Grandma Mermaids (The Florida Sisterhood)

Thou rememberest since
Once I sat upon a promontory,
And heard a mermaid on a dolphin’s back
Uttering such dulcet and harmonious breath
That the rude sea grew civil at her song,
And certain stars shot madly from their spheres,
To hear the sea-maid’s music?
-Midsummer’s Night Dream

I freely admit I have a fascination with mermaids that goes beyond the ordinary. I have no idea if I believe in them or not, but I want to believe. (I feel the same way about the Skunk Ape, so maybe it’s a Florida thing. I believe in Skink, too, but that’s another blog post entirely.)

When you couple that fascination with my obsession with Floridana tourism, it’s really not  shocking that I managed to wriggle my way backstage to meet the Weeki Wachee mermaids. Of course, Because This Is Florida (thank you, Campbell McGrath), it isn’t enough to have a city of live mermaids. No, we do it one better – in addition to the regular, garden-variety mermaids who exude youth and fitness, Because This Is Florida we have a former mermaids show.

If the idea of older mermaids, battle-scarred with wrinkles and weight, doesn’t appeal to you, well, I beg your indulgence, although I understand: These ladies are not today’s lithe young sirens. As one Former puts it (that’s how I think of them, the Formers and the Currents), they are “Grandma Mermaids.” The eldest of them lived in Indian Rocks Beach retired from the Former show in her 80th year because, as the Formers put it, “the drive got to be too much.”


So, no, they aren’t young, and they aren’t traditional mermaids. But man, oh man. Get these ladies in the water, and they outshine the Currents by far. 


Which makes sense, really. They are the mermaids of yesteryear; they were vintage Florida kitsch, before you could find it on every street corner. They were the forerunners of Weird Florida; they were the metric by which every non-alligator-related tourist attraction would be measured. No mermaids? Well, you better have one hell of a parade or gimmick to match these ladies. I’m talking six-foot-tall talking dog gimmicks, because once you had seen these sirens of the deep, what was next?
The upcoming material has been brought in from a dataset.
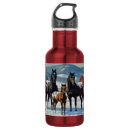 Recherche de cheval noir gourdes Chevaux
Even in their sixties and seventies, these ladies are the queens of the deep, and watching their reunion shows sandwiched between the Current shows, I can’t help but want to be part of their world. Because their watery world beneath the glassy spring isn’t just a mermaid world, it is their world, their sisterhood. And that sisterhood is Florida, in a big way. 


They tickle the turtles that come to eat their banana (if you’ve never seen the show I’m not even going to try to explain that; suffice to say, turtles like bananas–A LOT) and they have a free and easy fun in the water that seems just out of reach of the Currents’ grasp. They are the best parts of Florida, tails and all. They move with a grace and elegance that belies their age and proves that no matter how much some things change, some things never can. Just like Florida remains immutable in the face of its constant metamorphosis, these ladies prove that indeed, once a mermaid, no matter how you age or change, you are, at your core, always a mermaid.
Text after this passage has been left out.